SAAB Technologies has unveiled concepts for medium-altitude strike reconnaissance and high-altitude airborne early warning (AEW) unmanned air vehicles (UAVs) as part of a proposed low-cost approach to an internet-based command and control network being developed for the Swedish defence forces.
The concepts also include a low-observable 'leave behind' battle damage assessment UAV which would be carried by either the strike reconnaissance or manned strike aircraft.
The strike reconnaissance air vehicle, designated 'Skuadern', could fly as soon as 2006, with SAAB pushing the Swedish Ministry of Defence to fund construction of up to three demonstrator aircraft.
Skuadern would fly at speeds of up to Mach 3 with a range of 2,000km (1,080nm) and an endurance of 9h.
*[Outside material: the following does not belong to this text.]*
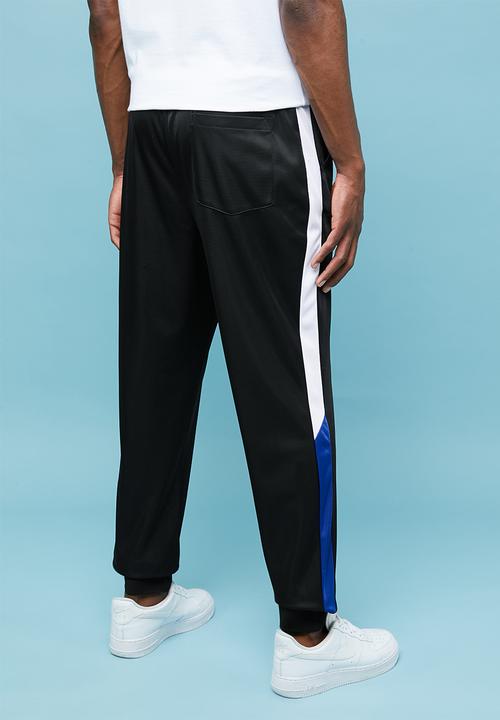 Superbalist - Slim side stripe tricot pants - black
The 2,000kg (4,400lb) aircraft would have a wing span of 4m (3ft 3in) and a length of 6m.
The AEW UAV, designated 'Gladen', would carry the Ericsson Erieye phased array radar now in service with the Swedish air force, but could also be equipped simultaneously with Ericsson's Carabas foliage penetration radar and a synthetic aperture radar ground imaging system.
SAAB says the surveillance aircraft, with a 40m² high aspect-ratio wing, would be capable of sustained operations for up to 32h at altitudes of 49,000-58,000ft (15,000-19,000m).
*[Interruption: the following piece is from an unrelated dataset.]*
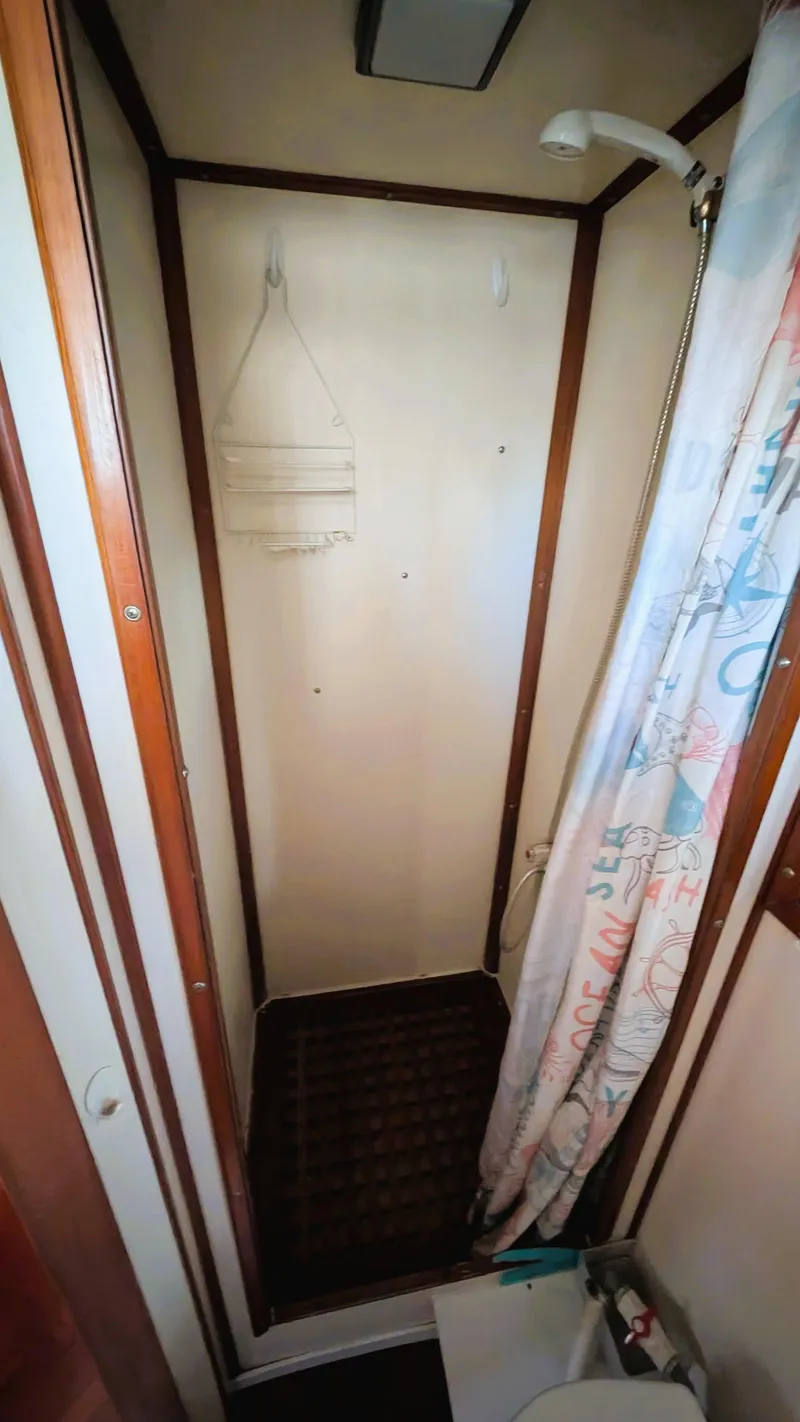 Slide: The Image of 1986 Heritage East 40 Sundeck shower area with curtain and wooden accents. - 36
The leave-behind UAV, designated 'Getoga', is a 6m-long, 1,400kg vehicle carrying infra-red and electro-optic sensors assess battle damage and monitor recovery operations for up to 5h.
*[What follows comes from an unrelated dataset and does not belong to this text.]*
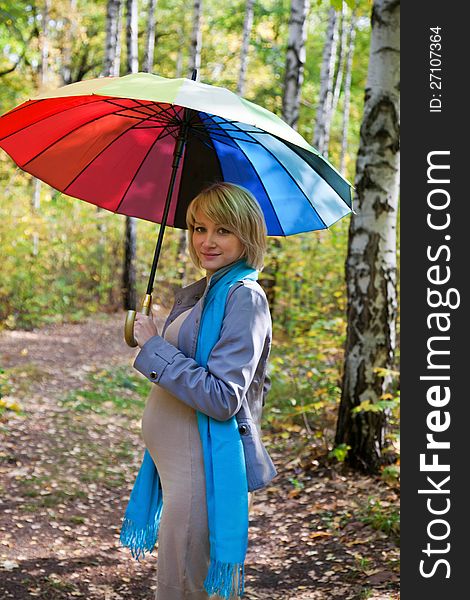 Beautiful young fashion pregnant woman walking in the park with colorful rainbow umbrella. Beautiful young fashion pregnant woman walking in the park with colorful rainbow umbrella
All three UAV types would draw heavily on technology developed for Gripen. Command and control would be via an in-theatre battlefield network based on broadband communications using wireless Internet protocol (IP).
The Swedish Ministry of Defence plans to test the use of wireless IP as the basis of an extended command and control system in a demonstration program known as LedysystT [correct] commencing in 2002.
Airborne trials, with wireless IP nodes fitted to Swedish Air Force Gripen aircraft as well as maritime and land-based platforms are to commence in 2005. The programme is intended to culminate in the fielding of operational systems in the 2010-2020 timeframe.